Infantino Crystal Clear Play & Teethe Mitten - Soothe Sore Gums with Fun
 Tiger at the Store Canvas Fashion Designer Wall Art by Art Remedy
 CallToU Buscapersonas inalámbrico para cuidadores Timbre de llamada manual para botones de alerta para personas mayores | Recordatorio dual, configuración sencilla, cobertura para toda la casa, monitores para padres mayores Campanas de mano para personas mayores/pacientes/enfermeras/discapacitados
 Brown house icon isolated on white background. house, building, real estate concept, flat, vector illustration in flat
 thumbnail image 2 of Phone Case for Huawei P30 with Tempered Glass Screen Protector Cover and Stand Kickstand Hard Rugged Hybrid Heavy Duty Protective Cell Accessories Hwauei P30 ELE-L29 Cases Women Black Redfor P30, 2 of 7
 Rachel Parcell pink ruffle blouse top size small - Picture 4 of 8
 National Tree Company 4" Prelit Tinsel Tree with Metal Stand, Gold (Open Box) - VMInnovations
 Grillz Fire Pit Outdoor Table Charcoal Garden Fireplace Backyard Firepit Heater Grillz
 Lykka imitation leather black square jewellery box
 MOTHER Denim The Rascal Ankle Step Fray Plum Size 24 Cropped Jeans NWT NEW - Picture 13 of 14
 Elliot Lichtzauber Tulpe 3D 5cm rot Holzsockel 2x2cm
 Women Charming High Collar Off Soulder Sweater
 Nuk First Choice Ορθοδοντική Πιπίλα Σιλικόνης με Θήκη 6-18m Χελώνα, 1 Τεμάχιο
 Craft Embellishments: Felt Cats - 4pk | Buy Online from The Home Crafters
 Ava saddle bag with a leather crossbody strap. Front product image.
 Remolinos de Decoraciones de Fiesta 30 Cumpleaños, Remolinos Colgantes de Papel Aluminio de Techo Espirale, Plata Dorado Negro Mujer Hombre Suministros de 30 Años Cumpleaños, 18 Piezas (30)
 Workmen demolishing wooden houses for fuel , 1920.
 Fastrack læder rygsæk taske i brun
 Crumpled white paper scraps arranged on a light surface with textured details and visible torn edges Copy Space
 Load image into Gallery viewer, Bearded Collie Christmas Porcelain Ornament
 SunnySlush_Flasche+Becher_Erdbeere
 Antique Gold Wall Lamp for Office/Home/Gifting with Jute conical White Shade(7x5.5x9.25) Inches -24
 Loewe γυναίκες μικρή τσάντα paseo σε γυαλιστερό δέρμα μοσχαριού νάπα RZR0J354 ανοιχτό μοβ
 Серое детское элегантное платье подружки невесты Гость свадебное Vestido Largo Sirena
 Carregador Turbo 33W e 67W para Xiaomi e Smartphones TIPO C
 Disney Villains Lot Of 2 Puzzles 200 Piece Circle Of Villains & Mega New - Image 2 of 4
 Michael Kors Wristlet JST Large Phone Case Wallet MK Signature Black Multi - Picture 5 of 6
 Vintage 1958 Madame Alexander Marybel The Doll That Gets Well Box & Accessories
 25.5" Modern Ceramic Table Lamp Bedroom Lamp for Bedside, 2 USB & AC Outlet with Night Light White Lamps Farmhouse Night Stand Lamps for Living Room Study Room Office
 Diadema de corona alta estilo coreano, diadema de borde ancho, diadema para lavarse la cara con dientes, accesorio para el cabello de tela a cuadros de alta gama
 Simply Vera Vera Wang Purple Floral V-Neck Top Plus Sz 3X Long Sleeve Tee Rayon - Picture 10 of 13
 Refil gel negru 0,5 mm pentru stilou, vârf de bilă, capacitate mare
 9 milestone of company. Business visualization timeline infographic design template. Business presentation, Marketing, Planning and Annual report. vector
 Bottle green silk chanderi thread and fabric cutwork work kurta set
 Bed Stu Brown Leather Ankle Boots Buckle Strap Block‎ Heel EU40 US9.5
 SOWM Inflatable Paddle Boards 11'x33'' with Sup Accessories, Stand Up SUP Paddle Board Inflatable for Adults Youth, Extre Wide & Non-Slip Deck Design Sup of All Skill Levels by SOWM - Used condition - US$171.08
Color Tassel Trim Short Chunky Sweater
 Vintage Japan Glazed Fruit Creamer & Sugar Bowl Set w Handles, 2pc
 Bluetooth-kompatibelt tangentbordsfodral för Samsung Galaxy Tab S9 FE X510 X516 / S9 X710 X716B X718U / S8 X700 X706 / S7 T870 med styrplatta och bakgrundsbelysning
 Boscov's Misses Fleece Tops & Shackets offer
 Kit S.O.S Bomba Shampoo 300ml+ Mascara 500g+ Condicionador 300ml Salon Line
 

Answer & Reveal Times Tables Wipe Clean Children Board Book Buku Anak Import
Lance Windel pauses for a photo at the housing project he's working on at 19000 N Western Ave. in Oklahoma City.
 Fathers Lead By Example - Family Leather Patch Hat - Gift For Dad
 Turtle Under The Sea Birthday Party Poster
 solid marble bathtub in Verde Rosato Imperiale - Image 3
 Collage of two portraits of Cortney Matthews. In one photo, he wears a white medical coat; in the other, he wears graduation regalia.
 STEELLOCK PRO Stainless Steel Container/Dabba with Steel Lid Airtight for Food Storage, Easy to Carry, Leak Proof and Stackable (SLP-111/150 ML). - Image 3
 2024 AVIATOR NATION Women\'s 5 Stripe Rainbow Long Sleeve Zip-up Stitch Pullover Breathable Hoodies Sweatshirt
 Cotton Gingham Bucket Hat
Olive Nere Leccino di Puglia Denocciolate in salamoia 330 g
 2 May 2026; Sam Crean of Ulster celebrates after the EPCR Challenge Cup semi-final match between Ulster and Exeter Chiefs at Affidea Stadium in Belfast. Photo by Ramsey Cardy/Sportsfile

=======

Copy the full listing verbatim.

Infantino Crystal Clear Play & Teethe Mitten - Soothe Sore Gums with Fun
 Tiger at the Store Canvas Fashion Designer Wall Art by Art Remedy
 CallToU Buscapersonas inalámbrico para cuidadores Timbre de llamada manual para botones de alerta para personas mayores | Recordatorio dual, configuración sencilla, cobertura para toda la casa, monitores para padres mayores Campanas de mano para personas mayores/pacientes/enfermeras/discapacitados
 Brown house icon isolated on white background. house, building, real estate concept, flat, vector illustration in flat
 thumbnail image 2 of Phone Case for Huawei P30 with Tempered Glass Screen Protector Cover and Stand Kickstand Hard Rugged Hybrid Heavy Duty Protective Cell Accessories Hwauei P30 ELE-L29 Cases Women Black Redfor P30, 2 of 7
 Rachel Parcell pink ruffle blouse top size small - Picture 4 of 8
 National Tree Company 4" Prelit Tinsel Tree with Metal Stand, Gold (Open Box) - VMInnovations
 Grillz Fire Pit Outdoor Table Charcoal Garden Fireplace Backyard Firepit Heater Grillz
 Lykka imitation leather black square jewellery box
 MOTHER Denim The Rascal Ankle Step Fray Plum Size 24 Cropped Jeans NWT NEW - Picture 13 of 14
 Elliot Lichtzauber Tulpe 3D 5cm rot Holzsockel 2x2cm
 Women Charming High Collar Off Soulder Sweater
 Nuk First Choice Ορθοδοντική Πιπίλα Σιλικόνης με Θήκη 6-18m Χελώνα, 1 Τεμάχιο
 Craft Embellishments: Felt Cats - 4pk | Buy Online from The Home Crafters
 Ava saddle bag with a leather crossbody strap. Front product image.
 Remolinos de Decoraciones de Fiesta 30 Cumpleaños, Remolinos Colgantes de Papel Aluminio de Techo Espirale, Plata Dorado Negro Mujer Hombre Suministros de 30 Años Cumpleaños, 18 Piezas (30)
 Workmen demolishing wooden houses for fuel , 1920.
 Fastrack læder rygsæk taske i brun
 Crumpled white paper scraps arranged on a light surface with textured details and visible torn edges Copy Space
 Load image into Gallery viewer, Bearded Collie Christmas Porcelain Ornament
 SunnySlush_Flasche+Becher_Erdbeere
 Antique Gold Wall Lamp for Office/Home/Gifting with Jute conical White Shade(7x5.5x9.25) Inches -24
 Loewe γυναίκες μικρή τσάντα paseo σε γυαλιστερό δέρμα μοσχαριού νάπα RZR0J354 ανοιχτό μοβ
 Серое детское элегантное платье подружки невесты Гость свадебное Vestido Largo Sirena
 Carregador Turbo 33W e 67W para Xiaomi e Smartphones TIPO C
 Disney Villains Lot Of 2 Puzzles 200 Piece Circle Of Villains & Mega New - Image 2 of 4
 Michael Kors Wristlet JST Large Phone Case Wallet MK Signature Black Multi - Picture 5 of 6
 Vintage 1958 Madame Alexander Marybel The Doll That Gets Well Box & Accessories
 25.5" Modern Ceramic Table Lamp Bedroom Lamp for Bedside, 2 USB & AC Outlet with Night Light White Lamps Farmhouse Night Stand Lamps for Living Room Study Room Office
 Diadema de corona alta estilo coreano, diadema de borde ancho, diadema para lavarse la cara con dientes, accesorio para el cabello de tela a cuadros de alta gama
 Simply Vera Vera Wang Purple Floral V-Neck Top Plus Sz 3X Long Sleeve Tee Rayon - Picture 10 of 13
 Refil gel negru 0,5 mm pentru stilou, vârf de bilă, capacitate mare
 9 milestone of company. Business visualization timeline infographic design template. Business presentation, Marketing, Planning and Annual report. vector
 Bottle green silk chanderi thread and fabric cutwork work kurta set
 Bed Stu Brown Leather Ankle Boots Buckle Strap Block‎ Heel EU40 US9.5
 SOWM Inflatable Paddle Boards 11'x33'' with Sup Accessories, Stand Up SUP Paddle Board Inflatable for Adults Youth, Extre Wide & Non-Slip Deck Design Sup of All Skill Levels by SOWM - Used condition - US$171.08
Color Tassel Trim Short Chunky Sweater
 Vintage Japan Glazed Fruit Creamer & Sugar Bowl Set w Handles, 2pc
 Bluetooth-kompatibelt tangentbordsfodral för Samsung Galaxy Tab S9 FE X510 X516 / S9 X710 X716B X718U / S8 X700 X706 / S7 T870 med styrplatta och bakgrundsbelysning
 Boscov's Misses Fleece Tops & Shackets offer
 Kit S.O.S Bomba Shampoo 300ml+ Mascara 500g+ Condicionador 300ml Salon Line
 

Answer & Reveal Times Tables Wipe Clean Children Board Book Buku Anak Import
Lance Windel pauses for a photo at the housing project he's working on at 19000 N Western Ave. in Oklahoma City.
 Fathers Lead By Example - Family Leather Patch Hat - Gift For Dad
 Turtle Under The Sea Birthday Party Poster
 solid marble bathtub in Verde Rosato Imperiale - Image 3
 Collage of two portraits of Cortney Matthews. In one photo, he wears a white medical coat; in the other, he wears graduation regalia.
 STEELLOCK PRO Stainless Steel Container/Dabba with Steel Lid Airtight for Food Storage, Easy to Carry, Leak Proof and Stackable (SLP-111/150 ML). - Image 3
 2024 AVIATOR NATION Women\'s 5 Stripe Rainbow Long Sleeve Zip-up Stitch Pullover Breathable Hoodies Sweatshirt
 Cotton Gingham Bucket Hat
Olive Nere Leccino di Puglia Denocciolate in salamoia 330 g
 2 May 2026; Sam Crean of Ulster celebrates after the EPCR Challenge Cup semi-final match between Ulster and Exeter Chiefs at Affidea Stadium in Belfast. Photo by Ramsey Cardy/Sportsfile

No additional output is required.